Now, $A_n=\bigcup_{x\in A_n} \left\{x\right\}$ and $A_n\subset X$ then $|A_n|\frac{1}{n}=\sum_{x\in A_n} \frac{1}{n}\leq \sum_{x\in A_n}\mu(\left\{x\right\})=\mu(\bigcup_{x\in A_n}\left\{x\right\})=\mu(A_n)\leq \mu(X)$ Then $|A_n|\leq \mu(X)n$ then $A_n$ is countable.

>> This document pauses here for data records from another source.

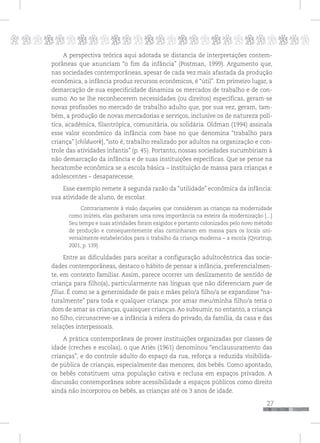 p
27
pppppppppppppppppppppppppp
A perspectiva teórica aqui adotada se distancia de interpretações contem-
porâneas que anunciam “o fim da infância” (Postman, 1999). Argumento que,
nas sociedades contemporâneas, apesar de cada vez mais afastada da produção
econômica, a infância produz recursos econômicos, é “útil”. Em primeiro lugar, a
demarcação de sua especificidade dinamiza os mercados de trabalho e de con-
sumo. Ao se lhe reconhecerem necessidades (ou direitos) específicas, geram-se
novas profissões no mercado de trabalho adulto que, por sua vez, geram, tam-
bém, a produção de novas mercadorias e serviços, inclusive os de natureza polí-
tica, acadêmica, filantrópica, comunitária, ou solidária. Oldman (1994) assinala
esse valor econômico da infância com base no que denomina “trabalho para
criança” [childwork], “isto é, trabalho realizado por adultos na organização e con-
trole das atividades infantis” (p. 45). Portanto, nossas sociedades sucumbiriam à
não demarcação da infância e de suas instituições específicas. Que se pense na
hecatombe econômica se a escola básica – instituição de massa para crianças e
adolescentes – desaparecesse.
Esse exemplo remete à segunda razão da “utilidade” econômica da infância:
sua atividade de aluno, de escolar.
Contrariamente à visão daqueles que consideram as crianças na modernidade
como inúteis, elas ganharam uma nova importância na esteira da modernização [...]
Seu tempo e suas atividades foram exigidos e portanto colonizados pelo novo método
de produção e consequentemente elas caminharam em massa para os locais uni-
versalmente estabelecidos para o trabalho da criança moderna – a escola (Qvortrup,
2001, p. 139).
Entre as dificuldades para aceitar a configuração adultocêntrica das socie-
dades contemporâneas, destaco o hábito de pensar a infância, preferencialmen-
te, em contexto familiar. Assim, parece ocorrer um deslizamento de sentido de
criança para filho(a), particularmente nas línguas que não diferenciam puer de
filius. É como se a generosidade de pais e mães pelo/a filho/a se expandisse “na-
turalmente” para toda e qualquer criança: por amar meu/minha filho/a teria o
dom de amar as crianças, quaisquer crianças. Ao subsumir, no entanto, a criança
no filho, circunscreve-se a infância à esfera do privado, da família, da casa e das
relações interpessoais.
A prática contemporânea de prover instituições organizadas por classes de
idade (creches e escolas), o que Ariès (1961) denominou “enclausuramento das
crianças”, e do controle adulto do espaço da rua, reforça a reduzida visibilida-
de pública de crianças, especialmente das menores, dos bebês. Como apontado,
os bebês constituem uma população cativa e reclusa em espaços privados. A
discussão contemporânea sobre acessibilidade a espaços públicos como direito
ainda não incorporou os bebês, as crianças até os 3 anos de idade.
 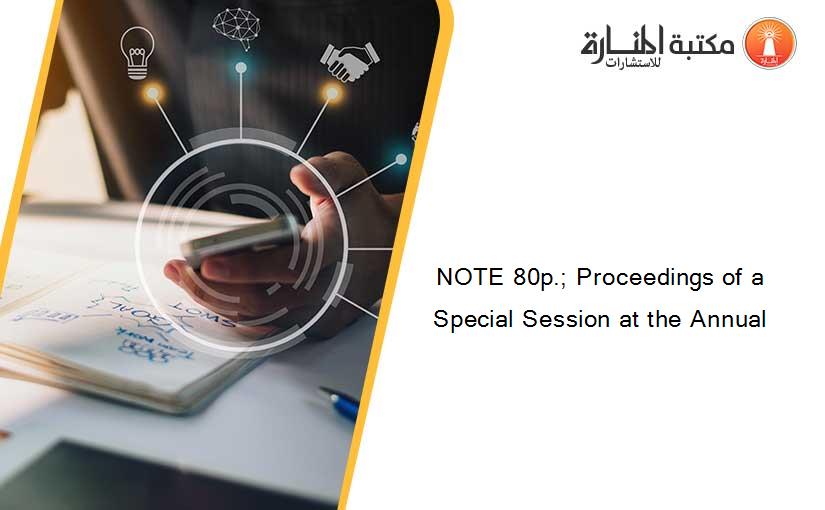 NOTE 80p.; Proceedings of a Special Session at the Annual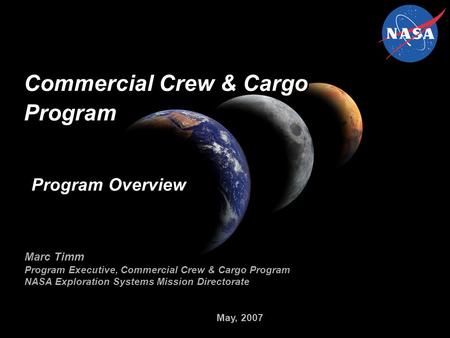 May, 2007 Commercial Crew & Cargo Program Marc Timm Program Executive, Commercial Crew & Cargo Program NASA Exploration Systems Mission Directorate Program.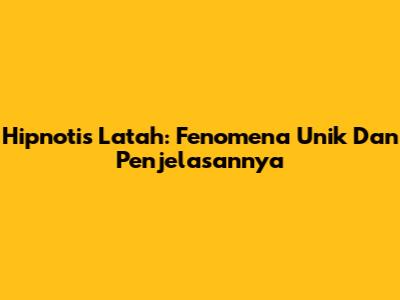 Hipnotis Latah: Fenomena Unik Dan Penjelasannya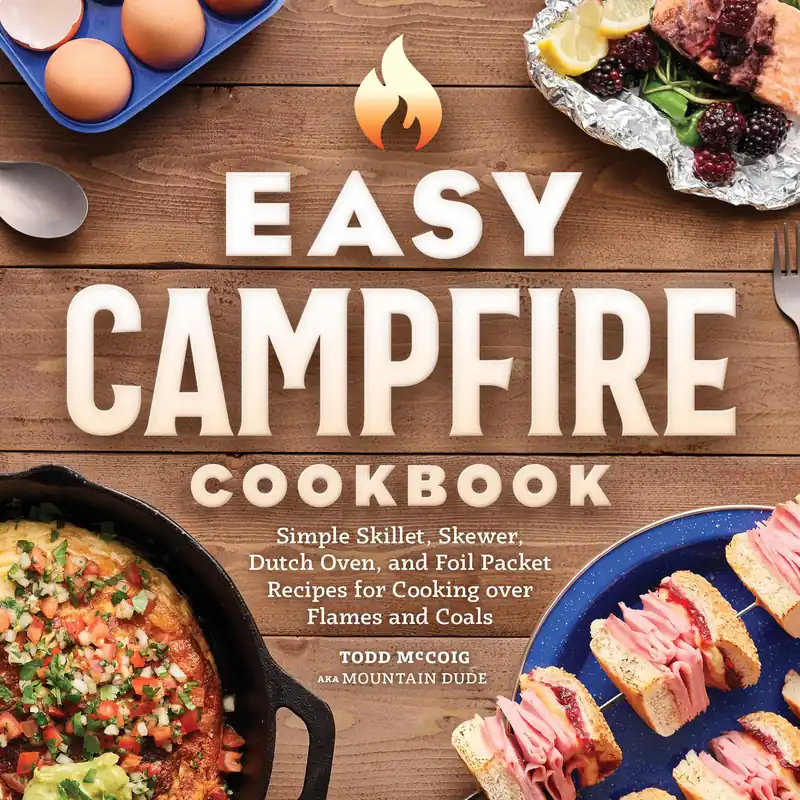 Weekend Sale Easy Campfire Cookbook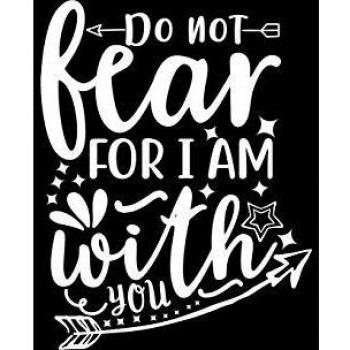 Do Not Fear For I Am With You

But according to me there is an error in what I have done. The union $\bigcup_{x\in A_n}\left\{x\right\}$ is not countable ...then $\mu(\bigcup_{x\in A_n})=\sum_{x\in A_n} \mu(\left\{x\right\})$ is incorrect...

How can I prove it?

Answer 1

We do have $|A_n|\leq n\mu(X)$. For if $|A_n|>n\mu(X)<\infty$ then $A_n$ has a finite subset $B$ with $|B|>n\mu(X).$ But then $$\mu(X)\geq \mu(B)= \sum_{b\in B}\mu (\{b\})\geq$$ $$\geq \sum_{b\in B}(1/n)=|B|(1/n)>\mu(X),$$ which is absurd. So each $A_n$ is finite. So $A$ is a countable union of finite sets.

Answer 2

Each $A_n$ is finite, otherwise its measure is infinite. So you go through all of $A_1$, then all of $A_2$, and so on.